→ **Exercise**: Each record, word for word and stripped of pictures, is what the answer should contain.

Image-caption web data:
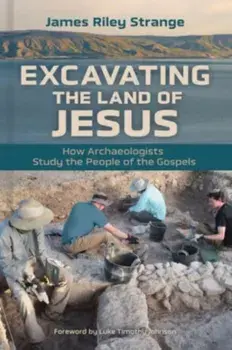Excavating the Land of Jesus. How Archaeologists Study the People of the Gospels, Paperback/James Riley Strange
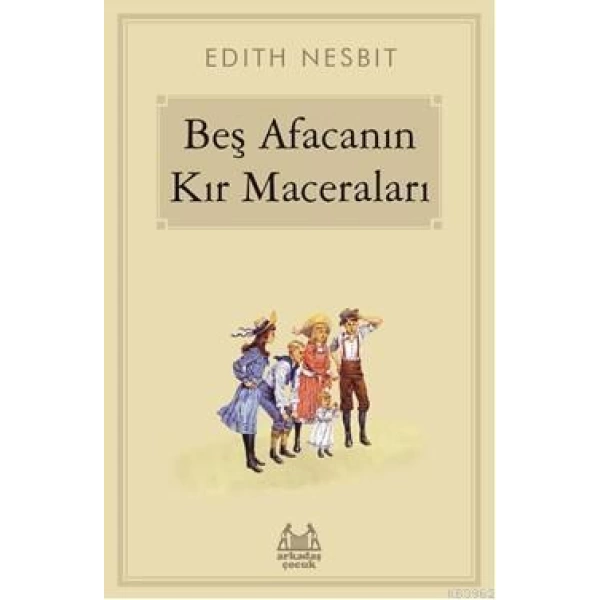 Beş Afacanın Kır Maceraları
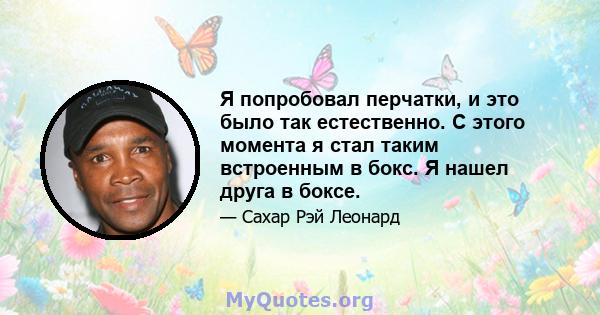 Я попробовал перчатки, и это было так естественно. С этого момента я стал таким встроенным в бокс. Я нашел друга в боксе.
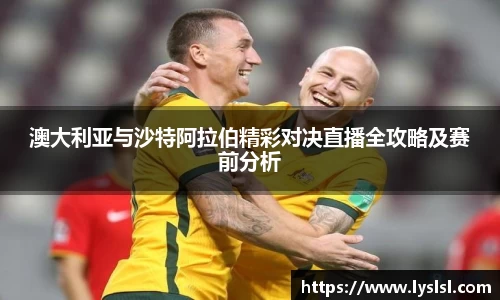 澳大利亚与沙特阿拉伯精彩对决直播全攻略及赛前分析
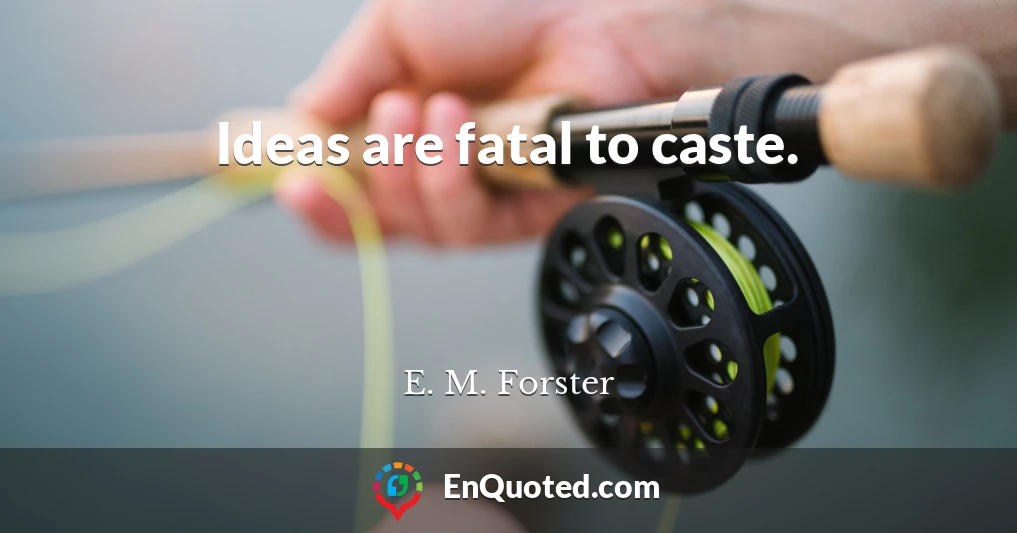 Ideas are fatal to caste.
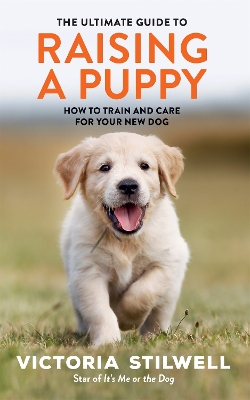 THE ULTIMATE GUIDE TO RAISING A PUPPY - VICTORIA STILWELL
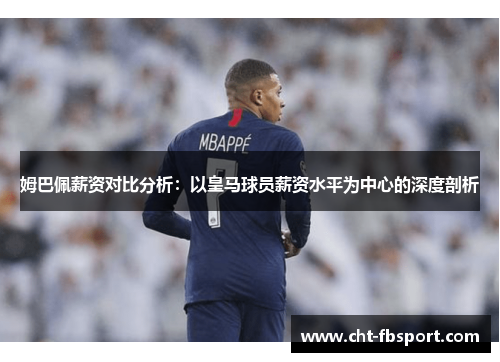 姆巴佩薪资对比分析：以皇马球员薪资水平为中心的深度剖析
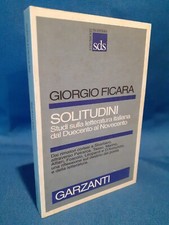 Giorgio Ficara, Solitudini. Studi sulla letteratura italiana. Garzanti 1993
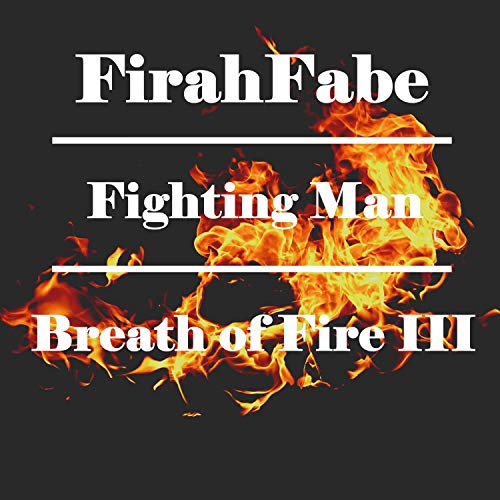 Fighting Man (From "Breath of Fire III")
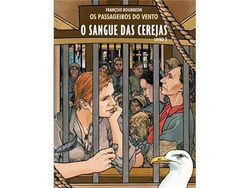 Libro Os Passageiros do Vento - Livro 2 O Sangue das Cerejas de François Bourgeon (Portugués - Tapa Dura)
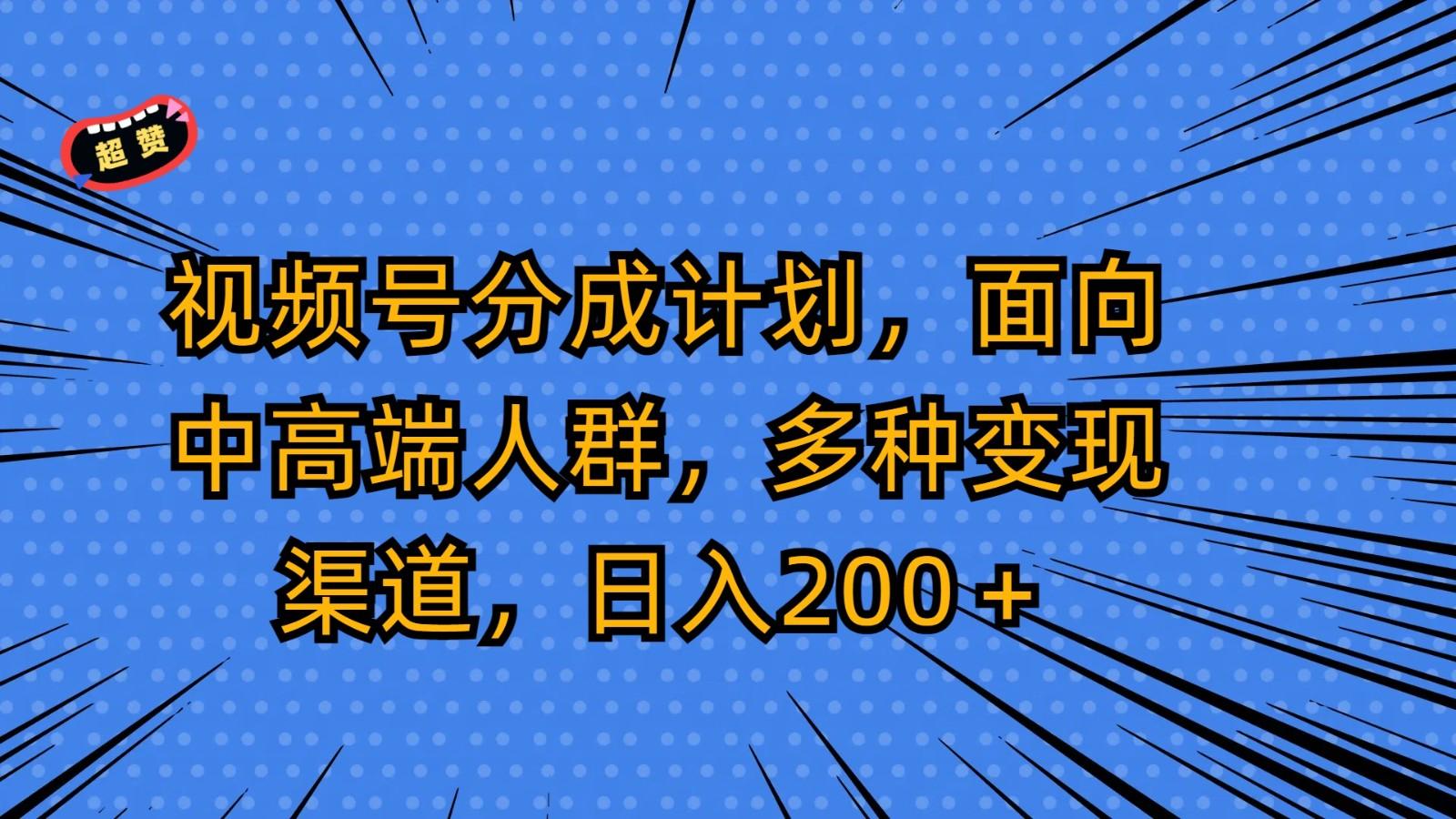 视频号分成计划，面向中高端人群，多种变现渠道，日入200＋-百货大全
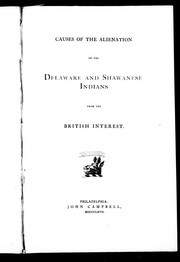 Cover of: Causes of the alienation of the [Delaware and Shawanese Indians], from the Brish interest by Charles Thomson
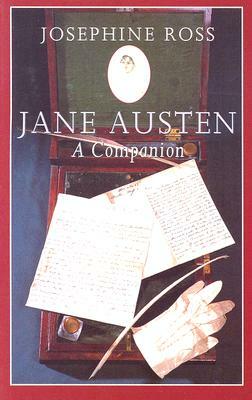 Jane Austen: A Companion by Josephine Ross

→ **Response to this task**:
Excavating the Land of Jesus. How Archaeologists Study the People of the Gospels, Paperback/James Riley Strange
 Beş Afacanın Kır Maceraları
 Я попробовал перчатки, и это было так естественно. С этого момента я стал таким встроенным в бокс. Я нашел друга в боксе.
 澳大利亚与沙特阿拉伯精彩对决直播全攻略及赛前分析
 Ideas are fatal to caste.
 THE ULTIMATE GUIDE TO RAISING A PUPPY - VICTORIA STILWELL
 姆巴佩薪资对比分析：以皇马球员薪资水平为中心的深度剖析
 Giorgio Ficara, Solitudini. Studi sulla letteratura italiana. Garzanti 1993
 Fighting Man (From "Breath of Fire III")
 Libro Os Passageiros do Vento - Livro 2 O Sangue das Cerejas de François Bourgeon (Portugués - Tapa Dura)
 视频号分成计划，面向中高端人群，多种变现渠道，日入200＋-百货大全
 Cover of: Causes of the alienation of the [Delaware and Shawanese Indians], from the Brish interest by Charles Thomson
 Jane Austen: A Companion by Josephine Ross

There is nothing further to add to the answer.